We examine below the powers the regulator will have available in order to regulate firms with ‘strategic market status’ (SMS). The UK Competition and Markets Authority (CMA), and more specifically the Digital Markets Unit (DMU) housed within the CMA, will have a powerful new toolkit to pre-emptively regulate firms designated as having SMS. The purpose of this new ex ante regulatory regime is to address criticisms that competition law previously provided too little too late.
Once a firm is designated as having SMS, the CMA has the power to impose conduct requirements directing how it can behave on the market and aimed at tackling the effects of its market power. The CMA can also impose pro-competition interventions (PCIs) where it considers appropriate – these are wide and potentially intrusive powers aimed at addressing the root cause of the firm’s market power. We consider each of these in more detail below.
Conduct requirements
Once a firm has been designated as having SMS, the CMA will be able to impose bespoke conduct requirements on it. Conduct requirements will manage the effects of market power by setting out how firms are expected to behave in respect of the specific activities in which they are designated with SMS status.
The CMA will be able to impose a conduct requirement on an SMS firm simply by giving it written notice (subject to the public consultation requirements described below). This written notice will identify the conduct requirement, the digital activity to which it relates, and the objective of the requirement. Conduct requirements will also be made public as soon as they have been provided to the SMS firm.
Aim of conduct requirements
Conduct requirements must further one (or more) of three objectives:
- Fair dealing – ensuring users (or potential users) of a relevant digital activity are (i) treated fairly, and (ii) able to interact with the SMS firm on reasonable terms;
- Open choices – ensuring users can choose freely and easily between the services or digital content provided by the SMS firm, and those provided by its competitors; and
- Trust and transparency – ensuring users have the information they need to (i) understand the services or digital content provided by the SMS firm (including the terms on which they are provided) and (ii) make properly informed decisions about whether and how they interact with the SMS firm.

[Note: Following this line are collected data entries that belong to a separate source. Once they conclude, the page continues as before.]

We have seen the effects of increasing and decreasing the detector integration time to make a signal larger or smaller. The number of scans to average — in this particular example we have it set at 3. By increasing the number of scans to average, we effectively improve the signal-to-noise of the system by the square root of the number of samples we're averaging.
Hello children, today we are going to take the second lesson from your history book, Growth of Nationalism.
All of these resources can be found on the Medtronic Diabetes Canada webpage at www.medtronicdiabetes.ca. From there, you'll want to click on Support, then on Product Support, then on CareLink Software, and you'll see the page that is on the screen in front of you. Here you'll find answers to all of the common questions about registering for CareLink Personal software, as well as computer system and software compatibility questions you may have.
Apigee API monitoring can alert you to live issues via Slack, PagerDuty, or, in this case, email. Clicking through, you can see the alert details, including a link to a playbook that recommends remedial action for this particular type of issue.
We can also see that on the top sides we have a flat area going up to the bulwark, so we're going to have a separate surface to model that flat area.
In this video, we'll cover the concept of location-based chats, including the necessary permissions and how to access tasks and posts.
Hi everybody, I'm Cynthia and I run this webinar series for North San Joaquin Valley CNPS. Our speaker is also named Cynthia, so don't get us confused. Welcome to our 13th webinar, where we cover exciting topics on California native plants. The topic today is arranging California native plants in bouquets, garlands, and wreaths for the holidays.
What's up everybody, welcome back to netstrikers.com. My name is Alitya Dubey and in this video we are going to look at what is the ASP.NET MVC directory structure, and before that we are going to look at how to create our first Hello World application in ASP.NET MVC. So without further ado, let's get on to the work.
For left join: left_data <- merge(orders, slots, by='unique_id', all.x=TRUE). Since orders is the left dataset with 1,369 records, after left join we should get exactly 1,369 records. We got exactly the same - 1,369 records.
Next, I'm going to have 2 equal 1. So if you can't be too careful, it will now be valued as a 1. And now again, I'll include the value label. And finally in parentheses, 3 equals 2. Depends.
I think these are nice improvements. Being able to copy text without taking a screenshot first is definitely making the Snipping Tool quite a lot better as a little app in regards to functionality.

Types of requirements which can be imposed
The Bill contains a long list of the sorts of conduct requirements the CMA will be able to impose on SMS firms. These include:
- requirements to act in a certain way (e.g. to trade on fair and reasonable terms, to have effective processes in place for handling complaints and disputes, and to provide clear, relevant and accessible information about the SMS firm’s activities to users); as well as
- requirements not to act in a certain way (e.g. not to apply discriminatory terms or conditions of use, not to ‘self-preference’ i.e. use their market position to treat the SMS firm’s own products / services more favourably than those of other firms, not to carry on other activities in a way that is likely to increase market power materially, and not to use data unfairly).
The breadth of the above categories will effectively give the DMU a wide discretion to formulate conduct requirements. However, generally conduct requirements are more likely to regulate existing products and offerings, rather than to introduce material changes in an SMS firm’s business model. (These would be more likely be the preserve of PCIs – see further below.)

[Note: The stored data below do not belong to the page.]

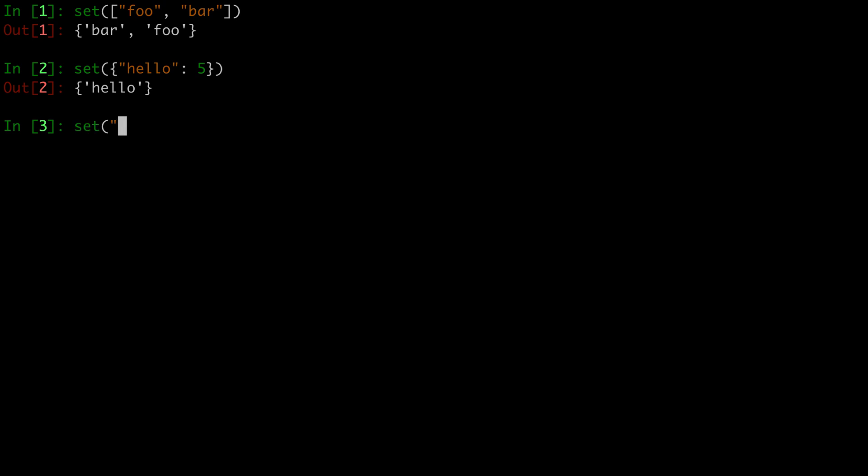We can also pass in a string, because that's an iterable, and that will split the string by characters and create a set from the resulting characters. And if there are any duplicate letters, it will only include those once because sets cannot contain duplicates. It will also print out in a random order.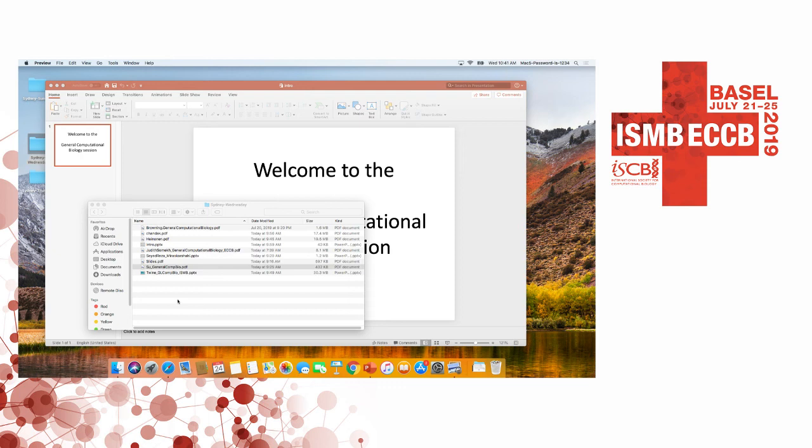Thank you very much. Let's thank the speaker again. We move on to the next talk, which is by Zayed Reza Mirash.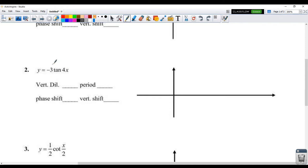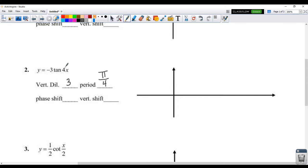So we're going to start with negative 3 tan of 4x. This has a dilation of factor of 3. The negative means we're going to switch all the positives to the bottom and negatives to the top. The period for tan and cotan is just pi over b, so that's pi over 4 because we have a b value of 4. So pi over 4 is the period, there is no phase shift, and there is no vertical shift.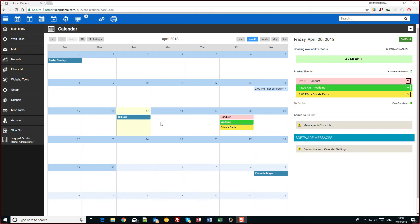Hi there guys, it's Alex at DJ Event Planner and today I'm just going to give you a quick overview on the new calendar.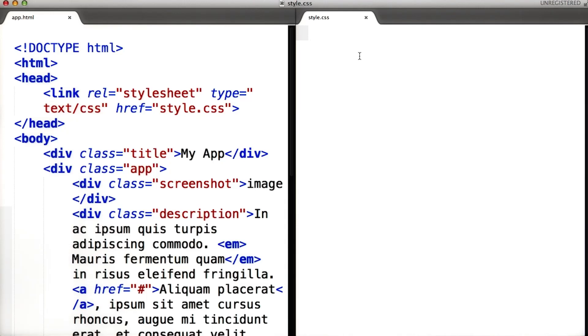In CSS, you first write what's called a selector. This defines what elements of the page a particular style will apply to. You can select an HTML tag, and that rule will apply to all tags on the page.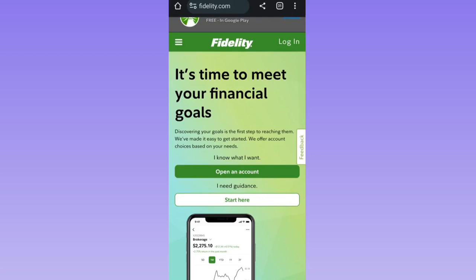Hello and welcome to my video. In this, I'm going to teach you how you can open an account in the Fidelity investment application. In my country the application is not available, so I'm here on Fidelity's official website.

The conduct requirement categories and objectives above also leave much open to interpretation, for example regarding the meaning of “clear, relevant and accessible” information, “using data unfairly” or of “materially” increasing market power. It is true that the way the Bill is structured is that a conduct requirement imposed on an SMS firm must be “for the purpose” of one of the categories set out. One would therefore expect that conduct requirements actually imposed will be more specific than the permitted categories – we do not expect to see a conduct requirement to “trade on fair and reasonable terms”, but rather something more specific and tailored to the SMS firm and concerns identified. But the point remains that this is a matter for wide CMA discretion and we will not know until we see it in practice.

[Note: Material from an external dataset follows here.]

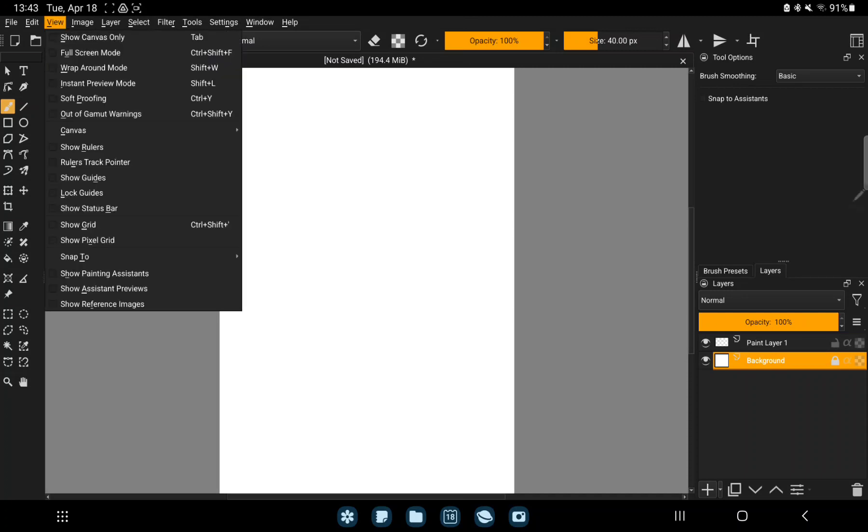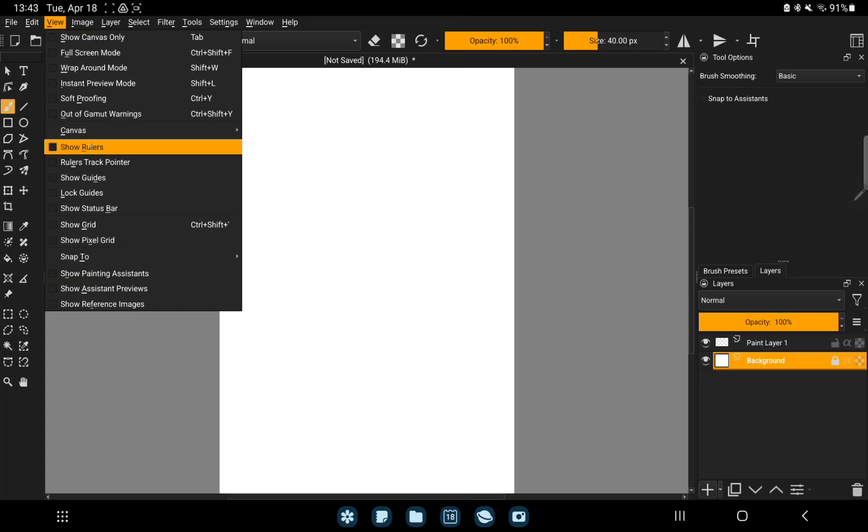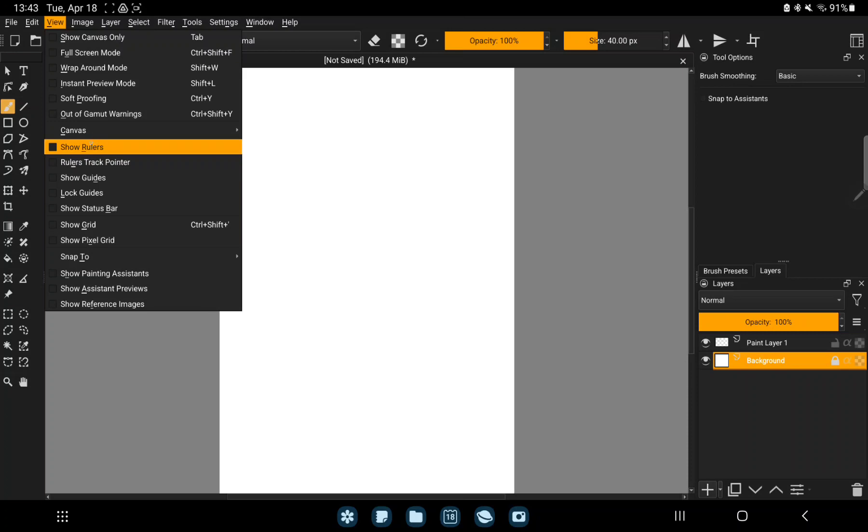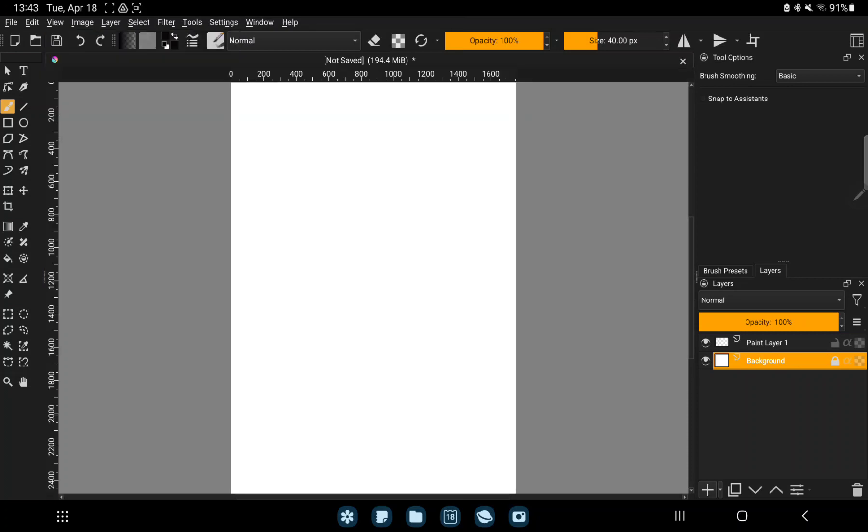And find the show rulers option. And tap the square icon in front of it. And this is enabled.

It is also worth noting that many of the above requirements reference potential users (as well as existing users), which for some digital services could conceivably include any person in the UK over a particular age. We expect that further details on ‘potential’ user groups for digital activities will need to be outlined in CMA guidance or included in the conduct requirements themselves.
Public consultation and ongoing review
The CMA will be required to publicly consult on any proposals to impose conduct requirements on SMS firms, as well as on any proposals to revoke existing conduct requirements. We anticipate that the CMA will consult on SMS investigation decisions (i.e. to determine whether a firm has SMS) and on proposed conduct requirements concurrently to ensure that the requirements apply as soon as possible after designation once the regime enters into force.
The CMA will also be required to continually review any conduct requirements imposed (as well as SMS firms’ compliance with the requirements). This is an example of how the regime has been designed to flex and respond to changing market dynamics where appropriate, in comparison to the more rigid requirements of the EU Digital Markets Act. It does, however, create some uncertainty for SMS firms if regulatory requirements are frequently changed.
Exemption from compliance with conduct requirements
The Bill provides for an exemption from compliance with conduct requirements where an SMS firm can demonstrate all of the following:
- specific non-compliant conduct benefits users (or potential users) in some way;
- these benefits outweigh any actual or likely detrimental impact on competition from the non-compliant conduct;
- the non-compliant conduct in question is indispensable and proportionate to the realisation of the benefits; and
- the non-compliant conduct does not eliminate or prevent effective competition.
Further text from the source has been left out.